One of the most pervasive biases that is difficult to detect occurs when the advisor’s services are either dependent upon or disappear in the event of a certain outcome. Since my primary business is selling companies, I will pick on my profession. Most people in the M&A business derive 100 percent of their income from selling companies. So rarely do they advise a client to wait three years until their company’s performance has improved or the market is more favorable to sell their business.
If you are thinking about hiring an M&A advisor, ask them for a list of clients they have counseled to not sell their company, or to wait until a better time. To avoid the above temptation, my firm operates a business valuation practice, which pays the overhead in down markets and allows us to diversify our revenue stream, so we don’t live or die based on when our clients sell their companies.

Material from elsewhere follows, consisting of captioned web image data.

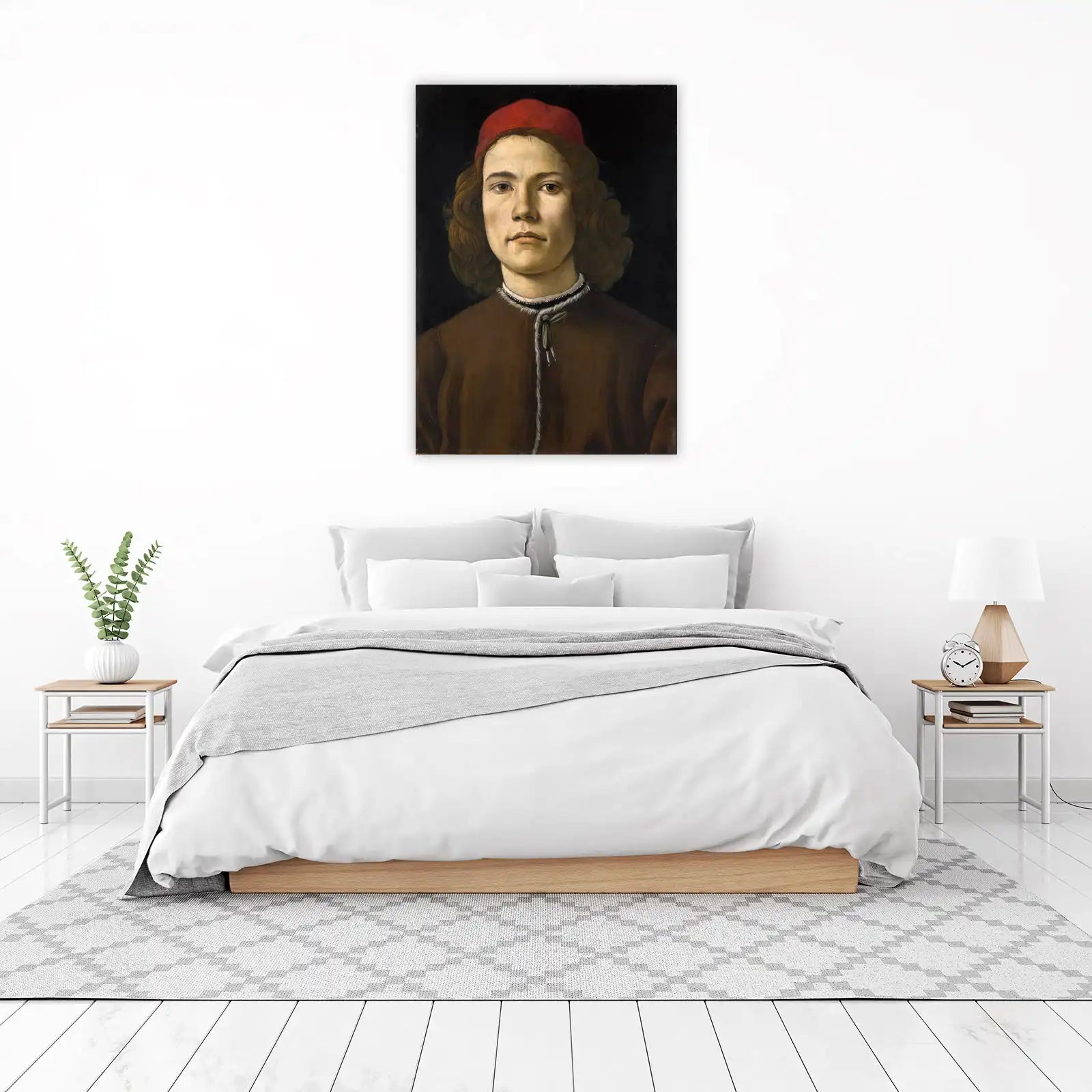 Renaissance Portrait Young Man Red Cap Wall Art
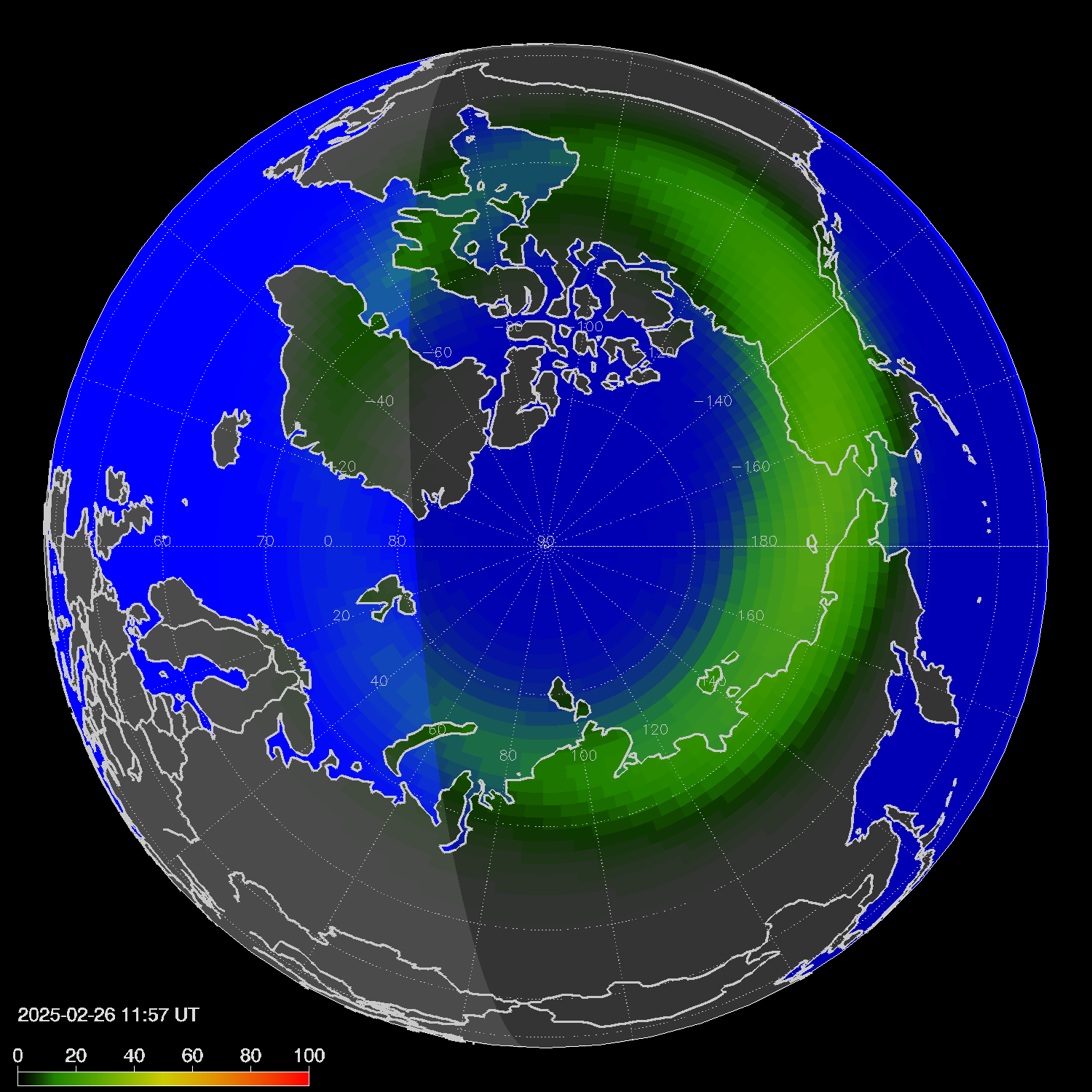 Northern lights (auroras) in the northern hemisphere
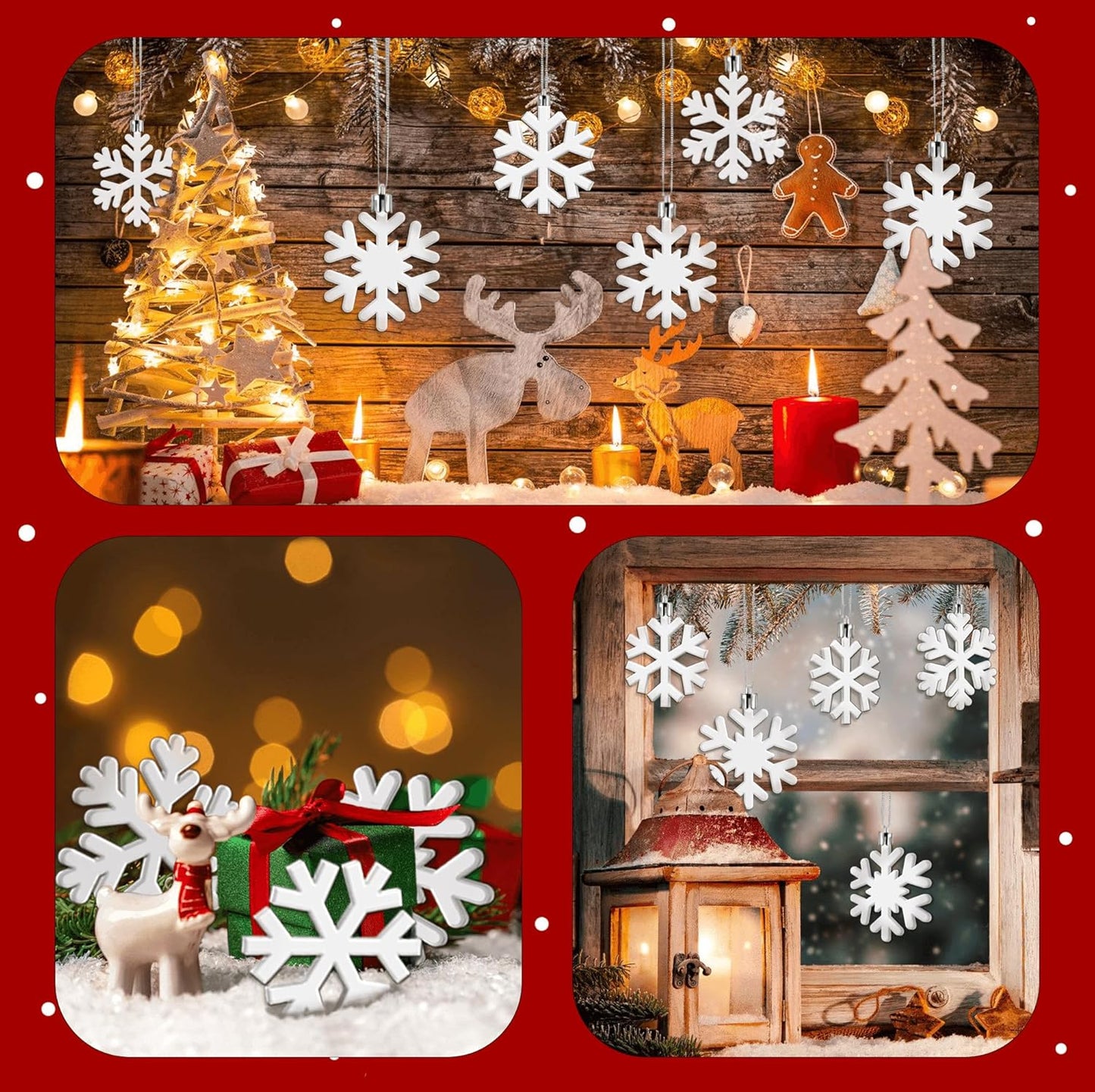 Skiennix 24 Pcs Snowflake Hanging Ornaments - White Plastic Decorations for Christmas Trees & Winter Decor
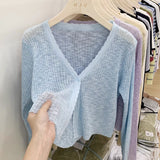 Knitted air-conditioning shirt, sunscreen shirt, women's bamboo knuckle hemp cardigan, long-sleeved spring and summer thin outer with short V-neck shawl top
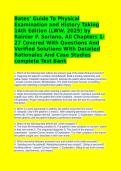 Testbank Bates&rsquo; Guide To Physical Examination And History Taking 14th Edition 2025 &vert; All Chapters 1-27 Covered &vert; Questions & Verified Solutions with Detailed Rationales & Case Studies&NewLine;&NewLine;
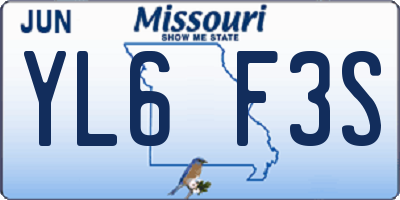 MO license plate YL6F3S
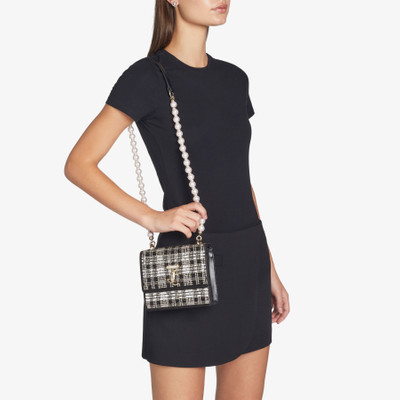 JIMMY CHOO Avenue Quad XS
Black Satin Beaded Tartan Shoulder Bag with Pearl Strap outlook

On the flip side, if your banker, financial planner or CPA has never sat you down to develop a plan for transitioning the ownership of your business, they are not looking out for your best interest. To these individuals, your account is an annuity. If you sell your company, your CPA or banker is unlikely to retain you as a client.Consequently, they have a strong bias to either persuade you to hold on to your business for as long as possible or to transition the ownership to children or management, where they have a shot at retaining the account. Yet only 30 percent of companies are successfully transitioned to the next generation of management. And in almost all cases an internal sale yields lower proceeds than a sale to a third party.
Sadly, I have witnessed cases where a CPA or banker overtly tried to convince a business owner to not sell their company when it was in their client’s best interest to sell. In one case, the CPA, who the business owner trusted implicitly, egregiously understated his estimate of the after-tax proceeds the owner would receive if he accepted an offer and talked the seller into walking away from a deal that he may never see again.
More common is denial. I recently had a business owner call me who had been referred by her banker. She and her partner were both approaching retirement age and neither had children in the business. They had been approached by a major, national trucking company that was interested in buying their business, and they felt they needed professional advice.
In the course of the conversation, as I shared with her my philosophy of assembling the right team of advisors when confronting such a major decision — that included a CPA and a lawyer — I asked her the name of her CPA firm. When she told me, knowing that this firm had a formal alliance with my company to refer clients who were contemplating the sale of their business, I asked her if her CPA had ever discussed with her how she planned to transition the ownership of her business. She laughed, and replied, “Are you kidding?”
Regardless of the professionalism and integrity of your advisors, they are human. That means they are not all-knowing. They have limited areas of expertise. They also provide for their families. That means certain outcomes benefit them more than others. Your best bet is to assemble a team of professional advisors and manage them wisely so you receive the right advice on the right subject.